BEGIN RECORD EXTRACTS

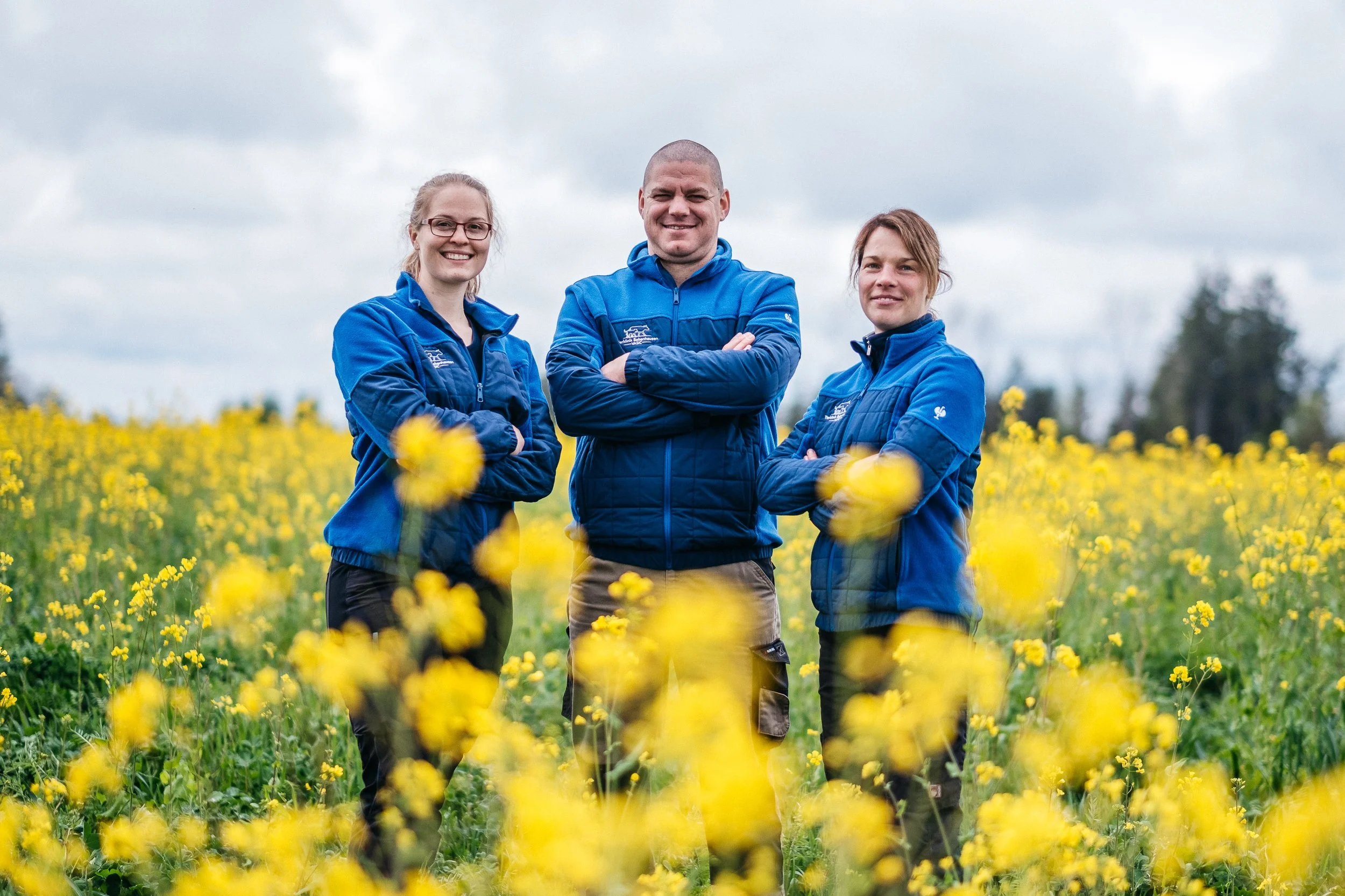 Drei Personen in blauen Jacken stehen im gelben Blumenfeld, lächeln und schauen in die Kamera, bei bewölktem Himmel.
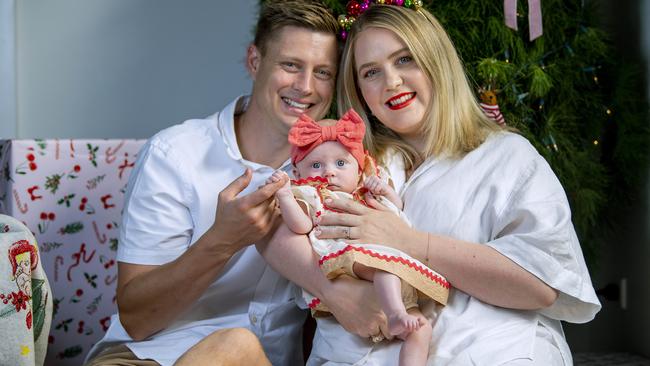 Hannah and Simon Potts with cutest spring baby winner Poppy 3 months in front of their Christmas tree at their Klemzig home .Thursday December,19,2025.Picture Mark Brake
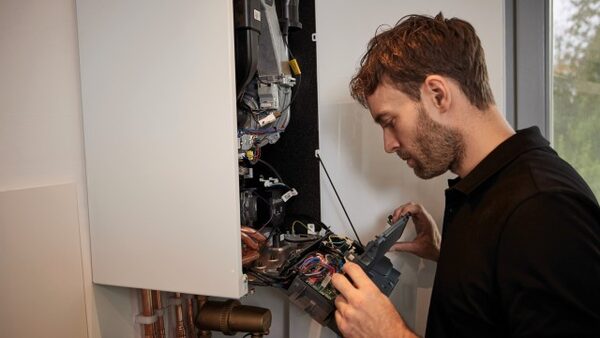 An engineer working on the open internal components of a wall-mounted gas boiler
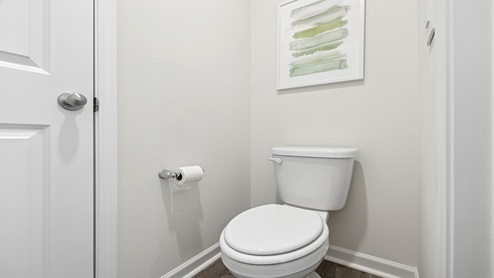 Primary bathroom with toilet.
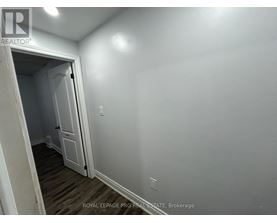 A white door is open to a room with a wooden floor.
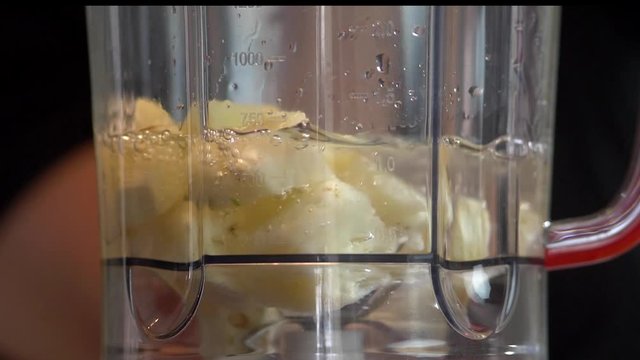 Peda&ccedil;os de abacaxi no liquidificador em slow motion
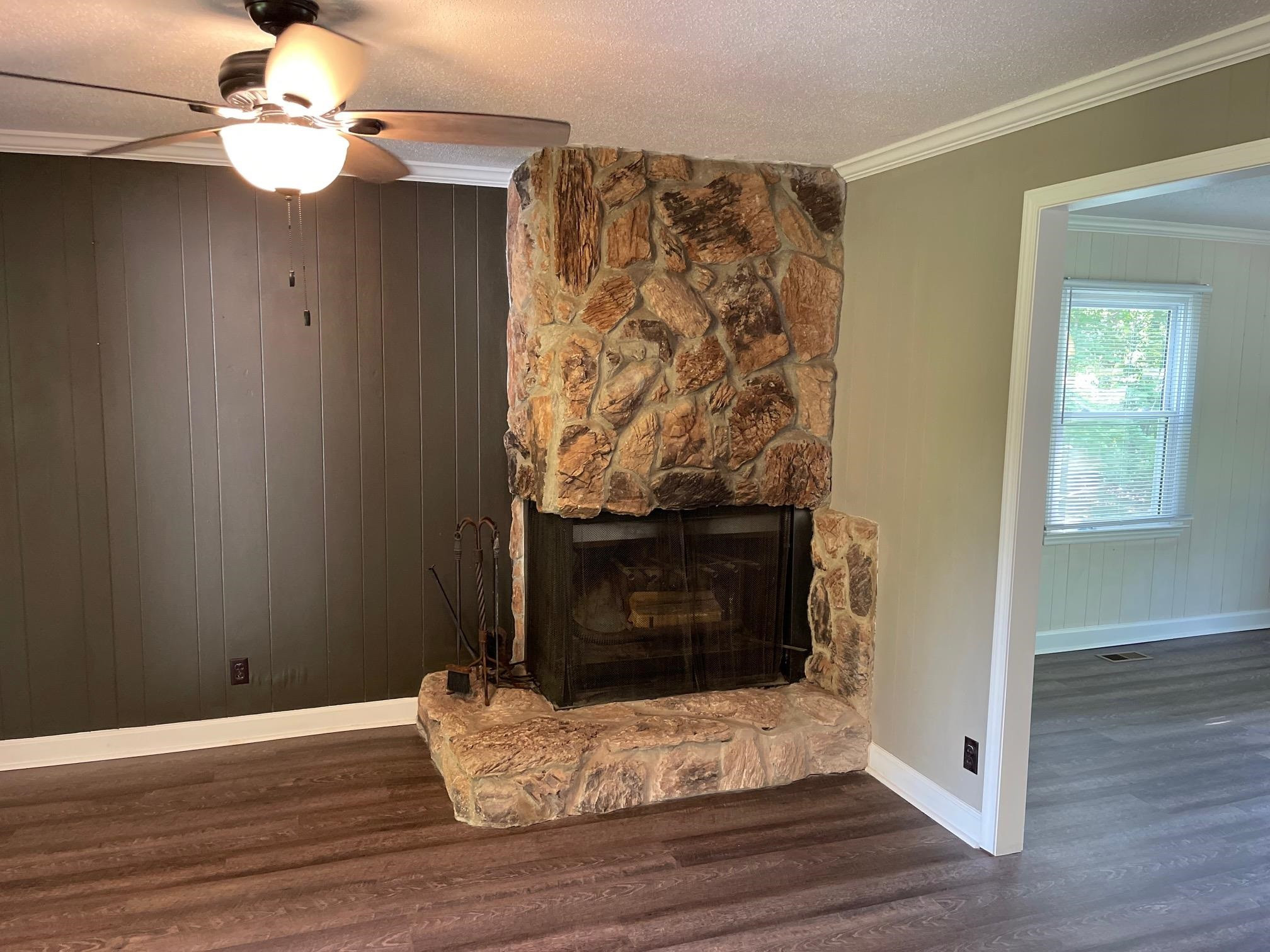 606 Infinity Road Durham, NC 27712 - Photo 10 of 30 a view of fireplace with wooden floor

END RECORD EXTRACTS

Give every record again without changing a word. Exclude the pictures.

 Drei Personen in blauen Jacken stehen im gelben Blumenfeld, lächeln und schauen in die Kamera, bei bewölktem Himmel.
 Hannah and Simon Potts with cutest spring baby winner Poppy 3 months in front of their Christmas tree at their Klemzig home .Thursday December,19,2025.Picture Mark Brake
 An engineer working on the open internal components of a wall-mounted gas boiler
 Primary bathroom with toilet.
 A white door is open to a room with a wooden floor.
 Peda&ccedil;os de abacaxi no liquidificador em slow motion
 606 Infinity Road Durham, NC 27712 - Photo 10 of 30 a view of fireplace with wooden floor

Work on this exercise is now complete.